Last month I sat my second ten-day Vipassana meditation, a rigorous exercise conducted completely in silence with no mental distractions whatsoever. Since returning to Ashland, I’ve felt the teachings and method truly sink in as I continue to sit and practice. Every now and then, among the crazy monkey gibberish my mind is constantly recycling, I feel that a more pithy realization arises for me to examine. I’d like to share one with you.
It became incredibly apparent to me one morning a couple of weeks ago that I have a severe addiction: I am continuously creating problems, and in the next moment I will leap into creating solutions. An example. I realize that there is some task that I neglected to complete. Problem. Before I draw my next breath I am studiously planning on when and how I will make up for this lapse in memory. Solution. Another example. I don’t have enough money. Problem. The list of ways I could make more money and save money is myriad and seemingly endless, although again, I recycle many of my solutions. Donating plasma, modeling for art classes, playing Bach on the plaza for wealthy, wandering tourists…many solutions. Another example. I’m not good enough. The solutions for this particular problem could fill a library of huge dictionaries with tiny print, like those old publications that held me in amazement, settled on a tall, narrow table in the middle of my childhood public library.
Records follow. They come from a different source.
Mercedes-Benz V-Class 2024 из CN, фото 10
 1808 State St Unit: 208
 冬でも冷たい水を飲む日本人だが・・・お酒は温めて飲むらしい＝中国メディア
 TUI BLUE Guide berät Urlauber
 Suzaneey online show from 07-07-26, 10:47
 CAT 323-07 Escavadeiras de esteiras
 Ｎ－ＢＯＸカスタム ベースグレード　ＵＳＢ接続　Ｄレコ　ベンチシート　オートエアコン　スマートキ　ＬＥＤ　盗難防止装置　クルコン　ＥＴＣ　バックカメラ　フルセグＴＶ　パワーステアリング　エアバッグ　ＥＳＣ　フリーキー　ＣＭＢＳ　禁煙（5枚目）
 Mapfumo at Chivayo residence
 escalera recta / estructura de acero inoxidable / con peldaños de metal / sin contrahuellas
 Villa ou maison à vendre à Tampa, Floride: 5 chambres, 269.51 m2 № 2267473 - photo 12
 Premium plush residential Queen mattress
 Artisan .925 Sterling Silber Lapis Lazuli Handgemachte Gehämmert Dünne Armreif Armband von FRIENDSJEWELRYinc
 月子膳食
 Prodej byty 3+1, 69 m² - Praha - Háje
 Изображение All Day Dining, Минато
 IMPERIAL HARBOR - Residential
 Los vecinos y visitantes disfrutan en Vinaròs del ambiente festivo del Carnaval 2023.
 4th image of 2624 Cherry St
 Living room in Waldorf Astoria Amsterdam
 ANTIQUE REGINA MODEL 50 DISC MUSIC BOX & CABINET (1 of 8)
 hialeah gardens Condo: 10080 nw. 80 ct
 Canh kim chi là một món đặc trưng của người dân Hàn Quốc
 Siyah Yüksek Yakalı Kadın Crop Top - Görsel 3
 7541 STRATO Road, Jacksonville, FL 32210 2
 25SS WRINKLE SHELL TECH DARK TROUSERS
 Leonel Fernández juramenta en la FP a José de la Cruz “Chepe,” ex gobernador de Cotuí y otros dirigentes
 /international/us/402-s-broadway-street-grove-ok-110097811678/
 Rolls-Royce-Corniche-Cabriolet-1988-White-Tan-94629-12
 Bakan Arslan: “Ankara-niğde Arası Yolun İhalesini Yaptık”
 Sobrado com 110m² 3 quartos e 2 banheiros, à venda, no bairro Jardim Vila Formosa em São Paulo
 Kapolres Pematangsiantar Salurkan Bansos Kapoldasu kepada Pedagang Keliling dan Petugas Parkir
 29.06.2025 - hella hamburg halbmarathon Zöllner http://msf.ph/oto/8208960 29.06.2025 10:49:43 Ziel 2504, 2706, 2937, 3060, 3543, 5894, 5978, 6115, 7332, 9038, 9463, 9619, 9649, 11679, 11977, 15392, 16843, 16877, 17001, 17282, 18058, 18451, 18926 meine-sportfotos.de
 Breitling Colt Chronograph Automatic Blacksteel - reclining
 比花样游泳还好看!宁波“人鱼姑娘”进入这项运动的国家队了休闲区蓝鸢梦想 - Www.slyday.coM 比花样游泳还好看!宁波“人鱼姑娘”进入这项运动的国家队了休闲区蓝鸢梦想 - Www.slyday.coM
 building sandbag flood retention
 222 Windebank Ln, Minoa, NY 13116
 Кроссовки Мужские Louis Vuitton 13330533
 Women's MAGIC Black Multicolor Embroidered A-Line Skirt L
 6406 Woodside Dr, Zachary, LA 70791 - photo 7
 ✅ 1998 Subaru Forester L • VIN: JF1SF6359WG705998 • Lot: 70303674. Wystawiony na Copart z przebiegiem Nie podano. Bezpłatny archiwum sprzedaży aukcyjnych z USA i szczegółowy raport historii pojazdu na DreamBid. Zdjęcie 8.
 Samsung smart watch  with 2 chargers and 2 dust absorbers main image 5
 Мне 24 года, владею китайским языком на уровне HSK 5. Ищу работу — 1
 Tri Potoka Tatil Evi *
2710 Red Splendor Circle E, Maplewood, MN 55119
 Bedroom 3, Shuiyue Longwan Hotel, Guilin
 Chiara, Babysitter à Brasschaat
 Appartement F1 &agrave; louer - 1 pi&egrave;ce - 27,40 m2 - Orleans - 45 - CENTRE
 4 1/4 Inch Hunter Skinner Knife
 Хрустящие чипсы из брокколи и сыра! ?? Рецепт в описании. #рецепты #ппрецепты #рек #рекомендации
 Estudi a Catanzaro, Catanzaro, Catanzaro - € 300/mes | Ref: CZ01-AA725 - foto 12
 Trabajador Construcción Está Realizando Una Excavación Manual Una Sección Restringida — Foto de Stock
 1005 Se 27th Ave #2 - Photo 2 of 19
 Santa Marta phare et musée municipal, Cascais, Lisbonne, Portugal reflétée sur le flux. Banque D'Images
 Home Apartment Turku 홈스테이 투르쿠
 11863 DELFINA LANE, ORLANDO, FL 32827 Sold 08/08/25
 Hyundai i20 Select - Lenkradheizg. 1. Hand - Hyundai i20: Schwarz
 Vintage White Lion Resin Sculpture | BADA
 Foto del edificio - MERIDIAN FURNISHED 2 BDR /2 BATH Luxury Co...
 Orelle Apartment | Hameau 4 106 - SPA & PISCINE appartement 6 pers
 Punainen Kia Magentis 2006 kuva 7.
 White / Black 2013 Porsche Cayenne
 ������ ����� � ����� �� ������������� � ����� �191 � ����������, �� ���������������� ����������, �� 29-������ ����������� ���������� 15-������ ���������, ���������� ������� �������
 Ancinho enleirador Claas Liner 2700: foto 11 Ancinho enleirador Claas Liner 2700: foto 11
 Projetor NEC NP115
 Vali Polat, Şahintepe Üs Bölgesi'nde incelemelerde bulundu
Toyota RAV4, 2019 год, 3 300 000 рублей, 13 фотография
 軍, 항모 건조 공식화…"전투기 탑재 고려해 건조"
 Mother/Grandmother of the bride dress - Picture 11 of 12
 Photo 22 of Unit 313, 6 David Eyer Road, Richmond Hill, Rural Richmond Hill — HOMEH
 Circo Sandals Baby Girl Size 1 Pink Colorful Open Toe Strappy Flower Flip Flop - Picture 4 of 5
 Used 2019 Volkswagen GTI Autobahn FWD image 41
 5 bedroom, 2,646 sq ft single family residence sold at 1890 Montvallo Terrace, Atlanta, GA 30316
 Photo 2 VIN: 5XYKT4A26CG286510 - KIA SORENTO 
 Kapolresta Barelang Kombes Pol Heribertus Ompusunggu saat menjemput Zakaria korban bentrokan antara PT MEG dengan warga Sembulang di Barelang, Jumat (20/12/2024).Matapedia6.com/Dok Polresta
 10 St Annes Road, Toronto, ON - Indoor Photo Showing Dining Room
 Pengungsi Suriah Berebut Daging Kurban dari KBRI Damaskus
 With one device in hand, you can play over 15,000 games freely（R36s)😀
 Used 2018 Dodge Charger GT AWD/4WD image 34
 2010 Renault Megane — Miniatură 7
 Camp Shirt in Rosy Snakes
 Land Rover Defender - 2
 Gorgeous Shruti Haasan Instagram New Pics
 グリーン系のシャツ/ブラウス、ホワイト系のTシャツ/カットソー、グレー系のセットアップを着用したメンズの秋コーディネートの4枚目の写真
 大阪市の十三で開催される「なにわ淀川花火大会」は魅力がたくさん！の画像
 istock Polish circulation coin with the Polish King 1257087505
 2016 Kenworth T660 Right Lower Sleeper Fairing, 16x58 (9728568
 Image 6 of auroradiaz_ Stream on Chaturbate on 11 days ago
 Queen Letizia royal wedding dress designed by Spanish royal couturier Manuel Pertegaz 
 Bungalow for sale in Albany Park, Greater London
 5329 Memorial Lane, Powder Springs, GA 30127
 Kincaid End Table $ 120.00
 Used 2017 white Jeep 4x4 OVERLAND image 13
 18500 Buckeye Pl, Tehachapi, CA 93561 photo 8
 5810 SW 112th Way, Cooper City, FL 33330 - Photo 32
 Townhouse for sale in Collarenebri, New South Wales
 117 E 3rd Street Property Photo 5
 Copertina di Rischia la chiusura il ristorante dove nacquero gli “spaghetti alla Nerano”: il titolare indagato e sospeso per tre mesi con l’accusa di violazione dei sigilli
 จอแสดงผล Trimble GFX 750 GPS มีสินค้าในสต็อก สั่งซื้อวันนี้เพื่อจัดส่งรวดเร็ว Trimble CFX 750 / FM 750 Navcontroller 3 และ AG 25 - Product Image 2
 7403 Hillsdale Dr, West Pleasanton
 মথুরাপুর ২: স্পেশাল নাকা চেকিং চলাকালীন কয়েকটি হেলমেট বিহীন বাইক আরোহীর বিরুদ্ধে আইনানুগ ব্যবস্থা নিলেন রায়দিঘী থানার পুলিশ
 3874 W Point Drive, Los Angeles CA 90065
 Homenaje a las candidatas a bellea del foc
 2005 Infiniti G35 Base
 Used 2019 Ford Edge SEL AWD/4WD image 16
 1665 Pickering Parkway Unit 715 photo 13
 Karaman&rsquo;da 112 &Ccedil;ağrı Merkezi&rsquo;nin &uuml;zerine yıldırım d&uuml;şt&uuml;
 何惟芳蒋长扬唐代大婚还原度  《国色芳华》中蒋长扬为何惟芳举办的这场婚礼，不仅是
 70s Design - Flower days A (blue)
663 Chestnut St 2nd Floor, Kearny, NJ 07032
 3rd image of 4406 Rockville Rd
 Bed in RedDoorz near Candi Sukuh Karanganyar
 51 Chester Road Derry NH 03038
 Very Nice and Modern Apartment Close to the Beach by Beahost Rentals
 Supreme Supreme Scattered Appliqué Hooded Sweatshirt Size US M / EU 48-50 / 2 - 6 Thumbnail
This is normal…at least, many of us are content with the idea that this insanity is normal. The brain is a beautifully complex, delicate tool, capable of extraordinary things. I use my brain when I’m writing and playing music. I use my brain to create perfect pancakes. I use my brain when dealing with a difficult interpersonal situation. I use my brain to read books illuminating authentic human experience. Using my brain to create petty problems and feeling satisfied when I come up with recycled solutions, over and over, day in and day out, until I die, seems like an utter, weak waste of my life. I don’t want to settle into the idea that this pattern is acceptable, that it is normal. I’m working to notice the moment I create a “problem”, and breathe through the old story creation, let the need to fix everything relax.
As women, as humans, I believe we need to develop high standards for how to use our brains. We have been given the extraordinary gift of self-reflection, self-realization. I choose to use that to my most beautiful advantage.